Have you tried red dessert wines, such as port?

Have you tried Gewurtztraminer wines yet? They are amazing, aroma-wise, like a beautiful perfume. The palate doesn't disappoint either, in most cases. May I suggest two that are semi-sweet - indeed, not the sweetest kind but still make a great pairing with Asian - especially Thai - food. The Gewurtz from Arthur Metz (Alsace, France) is the less sweet of the two but lord, the aroma on this one! It's a heady experience, and should be quite affordable too.
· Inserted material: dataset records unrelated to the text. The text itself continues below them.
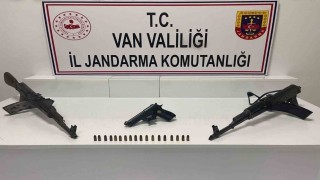 Vanda silah kaçakçılarına operasyon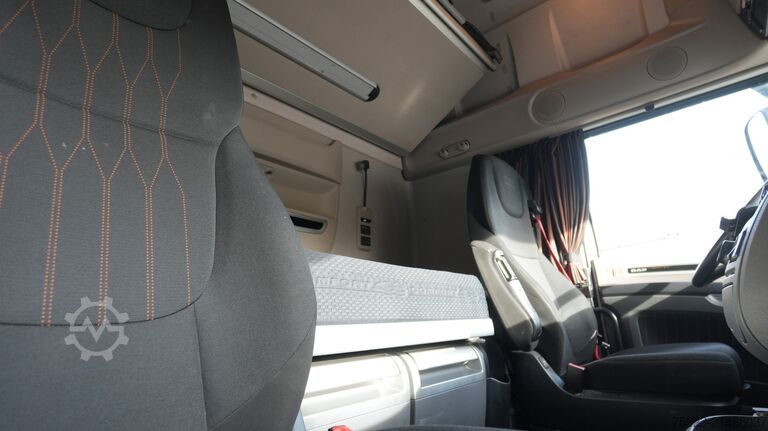 Standard-SZM DAF XF 480 – 6x2 SSC tractor unit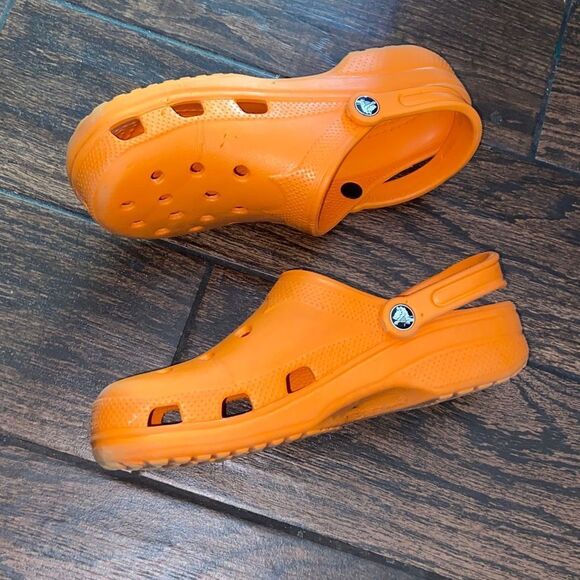 CROCS Unisex Bright Orange Sandals Size W 10-11 L M 8-9 main image 6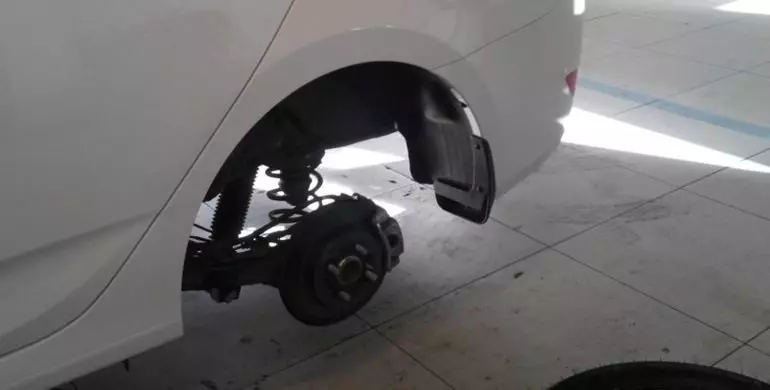 Замена задних тормозных колодок Hyundai Accent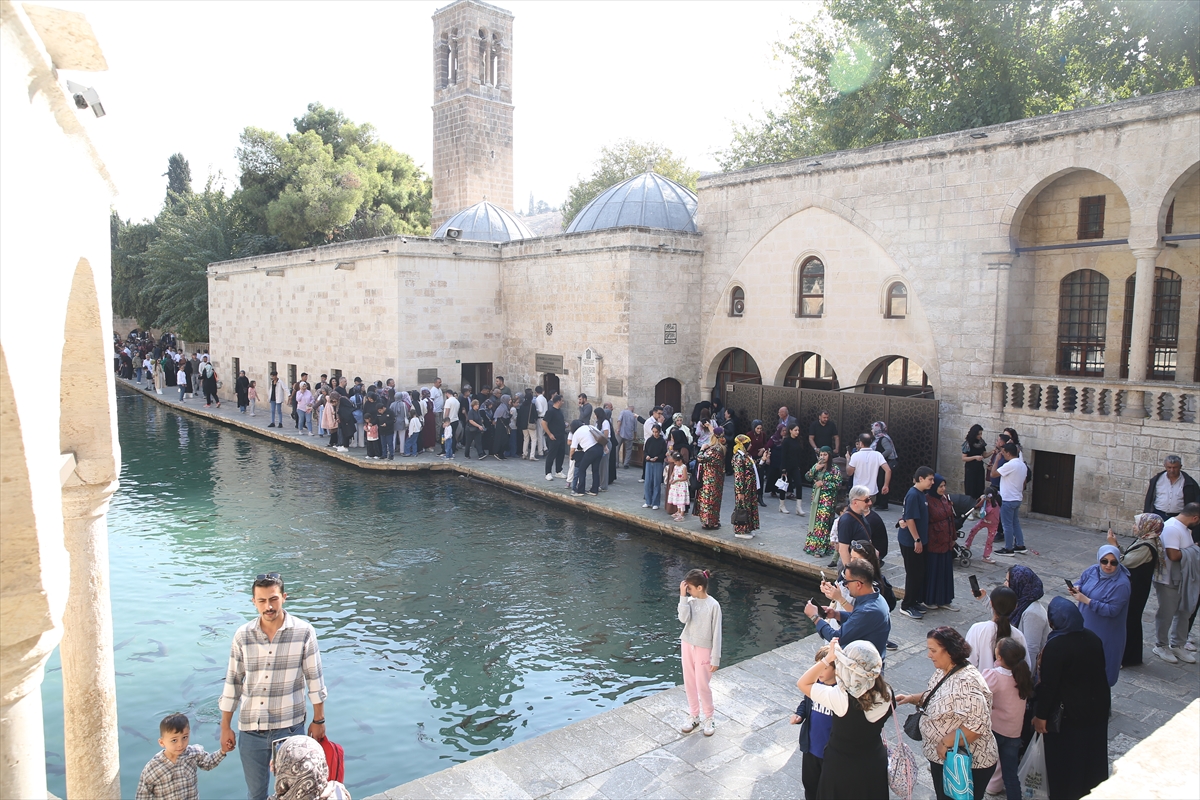 ŞANLIURFA (AA) – Türkiye'nin önemli turizm merkezlerinden Şanlıurfa'daki tarihi Balıklıgöl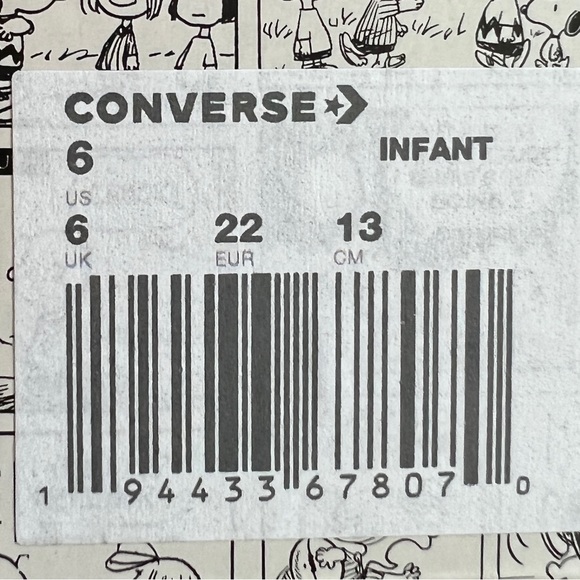 NWT Converse x Peanuts Chuck Taylor All Star 2V Lo Shoes - Picture 11 of 12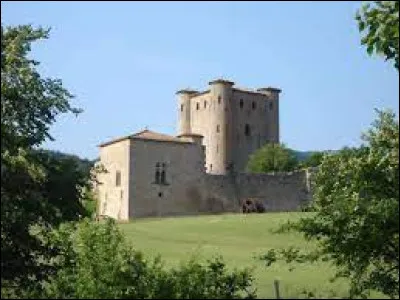 Nous démarrons cette nouvelle balade au château d'Arques. Village de l'arrondissement de Limoux, il se situe dans le département ...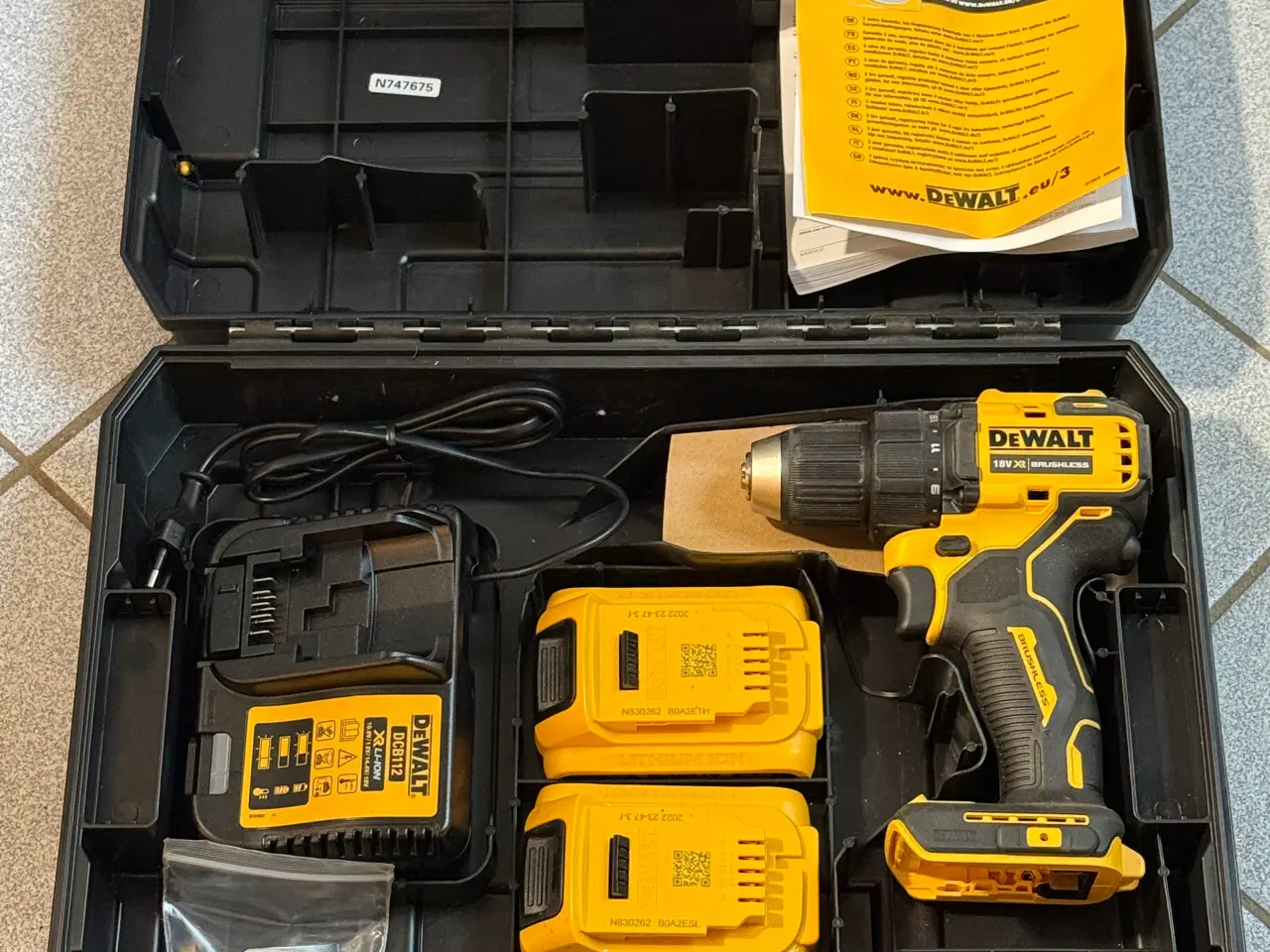 Billede 4 - Ny Dewalt Bore-skruetrækker 18V, DCD708D2T
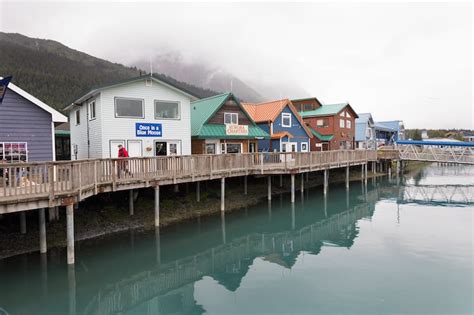 12 Best Airbnbs in Seward, Alaska (+ Oceanview Cabins)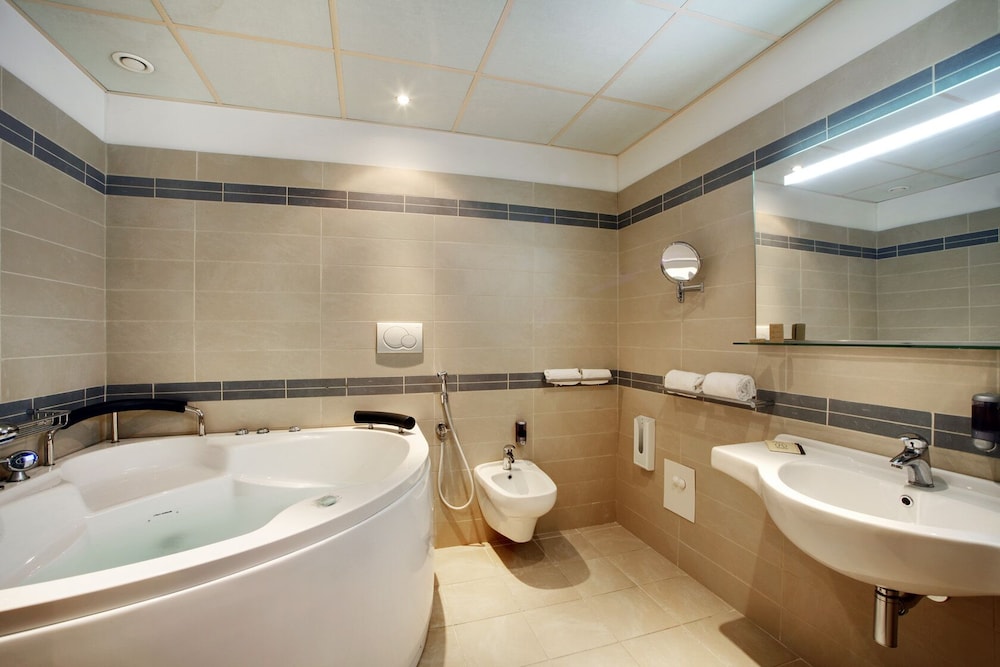 جناح جونيور بسريرين منفصلين بشرفة، Cocca Hotel Royal Thai SPA 2/2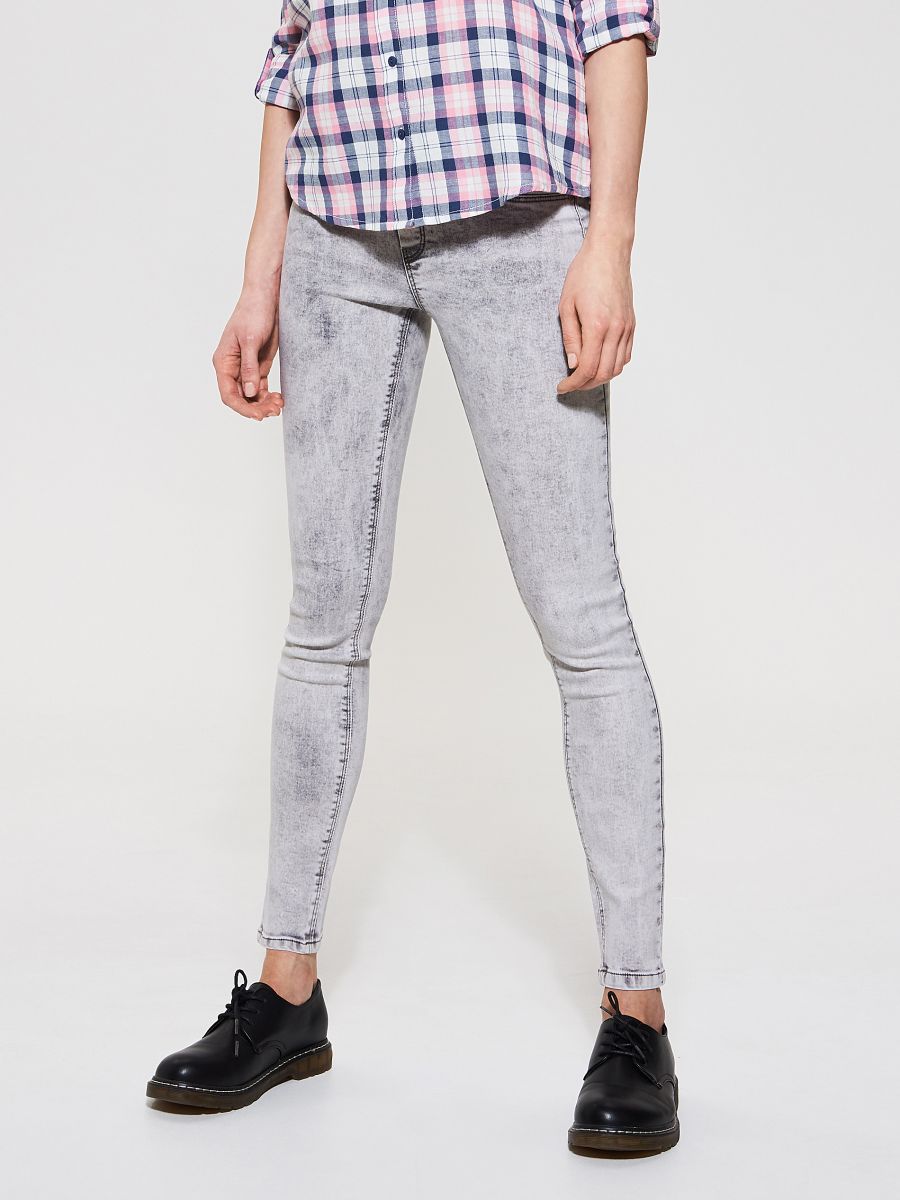 light grey jeggings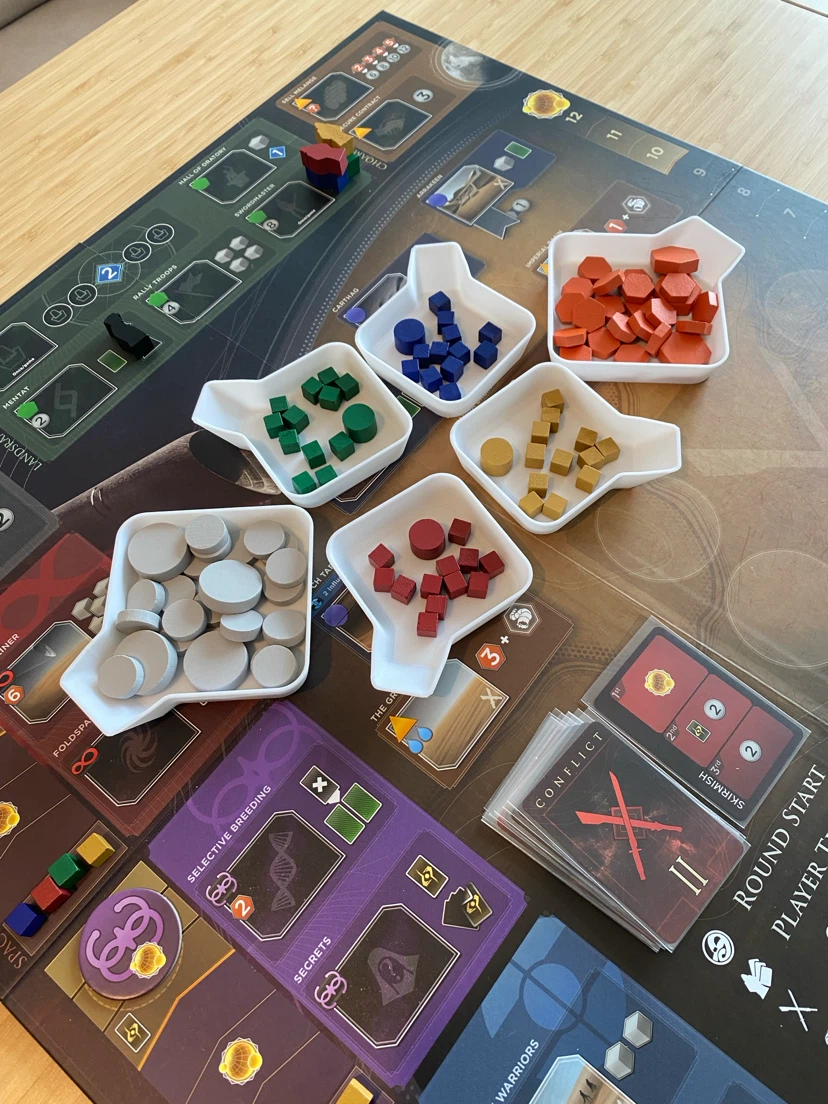 Stackable tray with bagging funnel for board games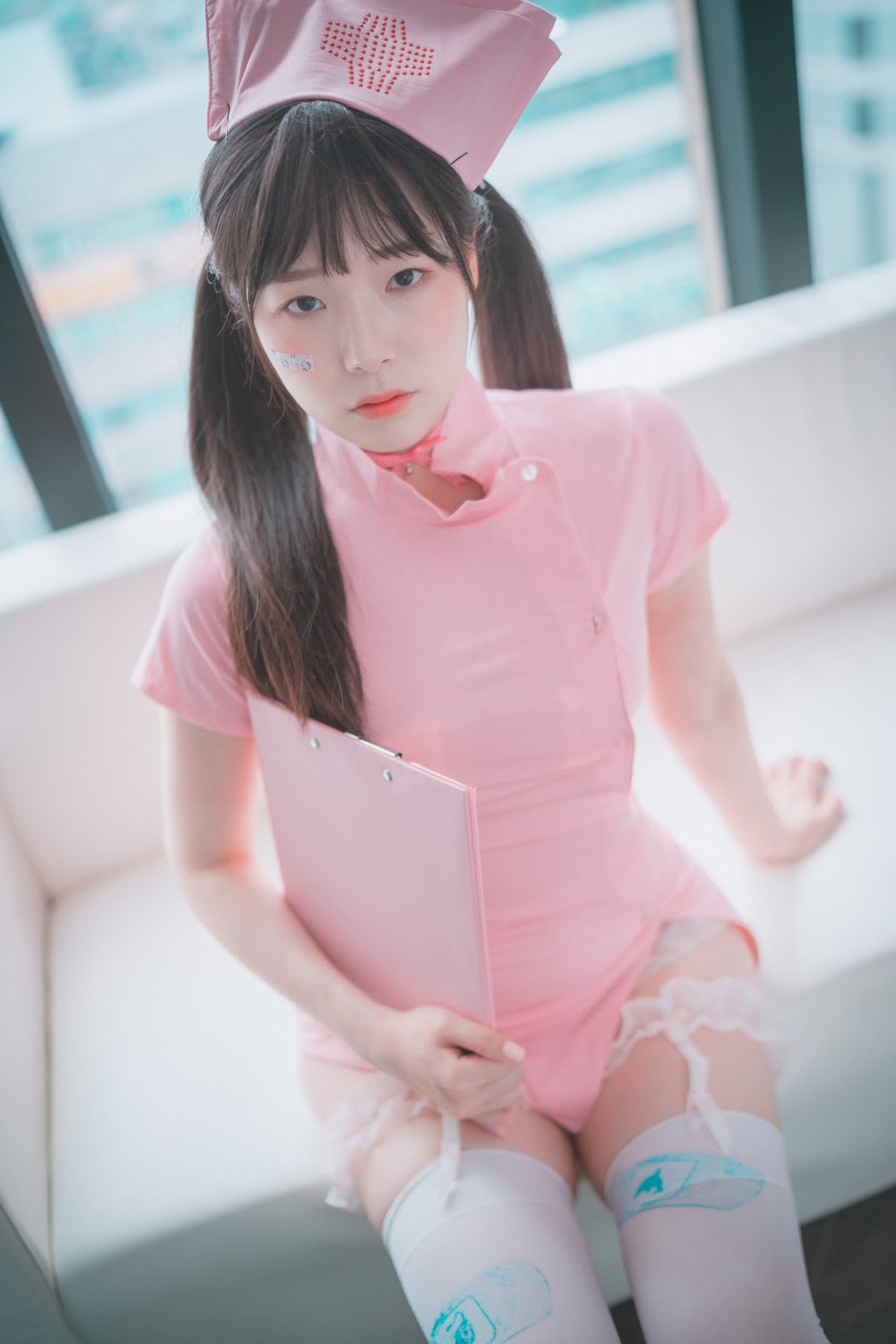 DJAWA Photo – Pia (피아) – Nursing Overtime - P4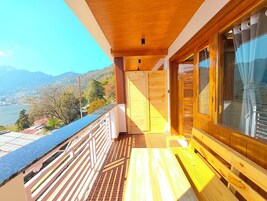 Habitación Deluxe doble, varias camas, vistas al lago | Terraza o patio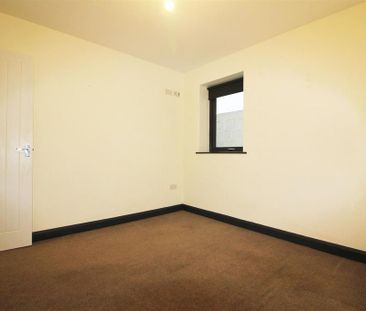 2 bedroom semi-detached house to rent - Photo 2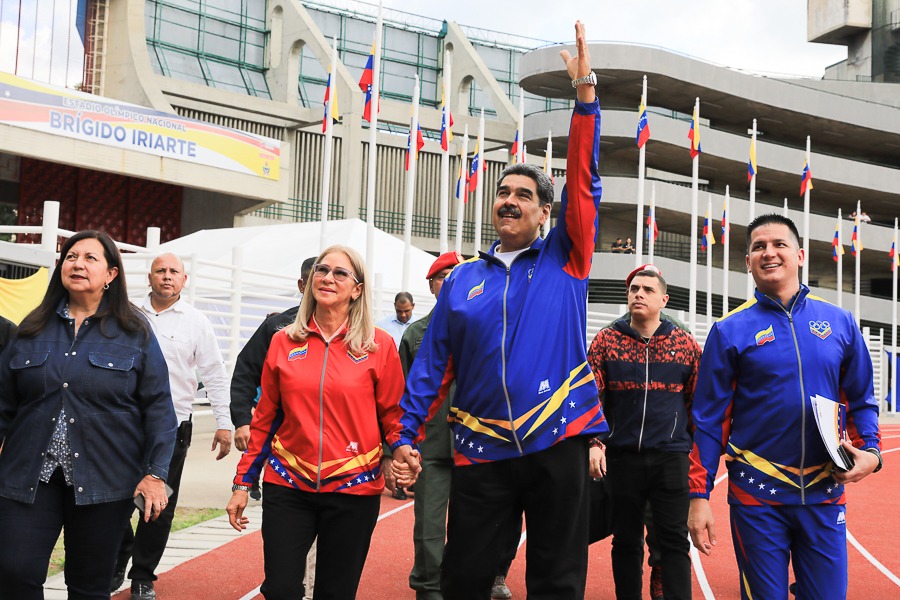 CapitanEscalon's tweet photo. ¡Máximo reconocimiento a nuestra Generación de Oro! El Presidente @NicolasMaduro demostrando su apoyo al deporte nacional, participó en el Acto de Abanderamiento de la Selección Nacional que participará en los XXIV Juegos Centroamericanos y del Caribe “San Salvador 2023”. https://t.co/0mbkID7eei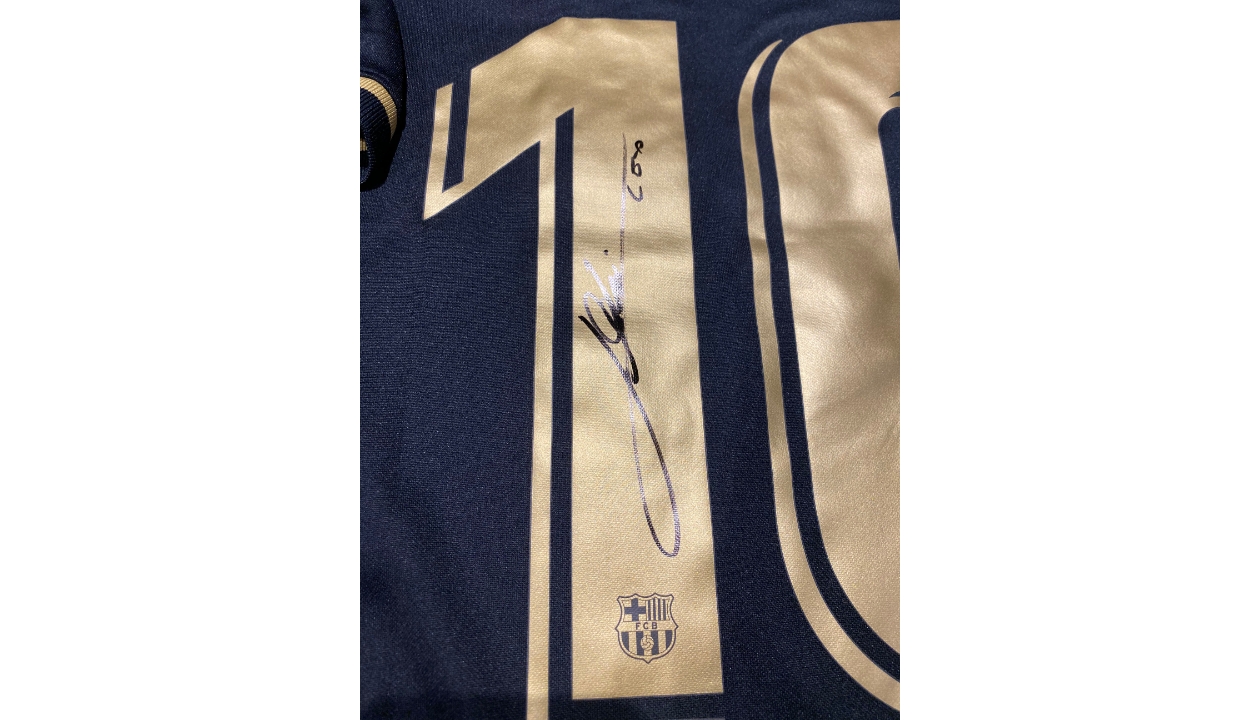 Messi's Official Barcelona Signed Shirt, Special Clasico 2021 - CharityStars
Chateau St. Michelle's Gewurtztraminer (WA, USA) is a bit sweeter, and is also very aromatic. Both great aromatic whites at a good price. Chateau St. Michelle also has a Riesling that is semi-sweet and has a lovely nose. 

Hope you enjoy!

Reply by donnasusan, Jun 3, 2011.

I didnt read ALL the replys...I really like Barefoot Moscato

Reply by Kelsey Wilburn, Aug 13, 2011.

Oregon's dessert and ice wines, as well as their Rieslings might be a good fit for you. Many people I know dislike them because they're too sweet! Ones that I've enjoyed are Sweet Cheeks Riesling, King Estate Vin Glace (a dessert wine) and I know some other people that like Bridgeview's Blue Moon Riesling. Hope this helps!


Reply by shmuel, May 31, 2012.

I live in Jerusalem, Israel and agree with Malka about the Muscat and faux-ice wines of the Golan Heights Winery. Give them a try.


Reply by John Friedson, Jun 4, 2012.

Austrian Trockenbeerenauslese are far more affordable then German, and to say the least, sweet!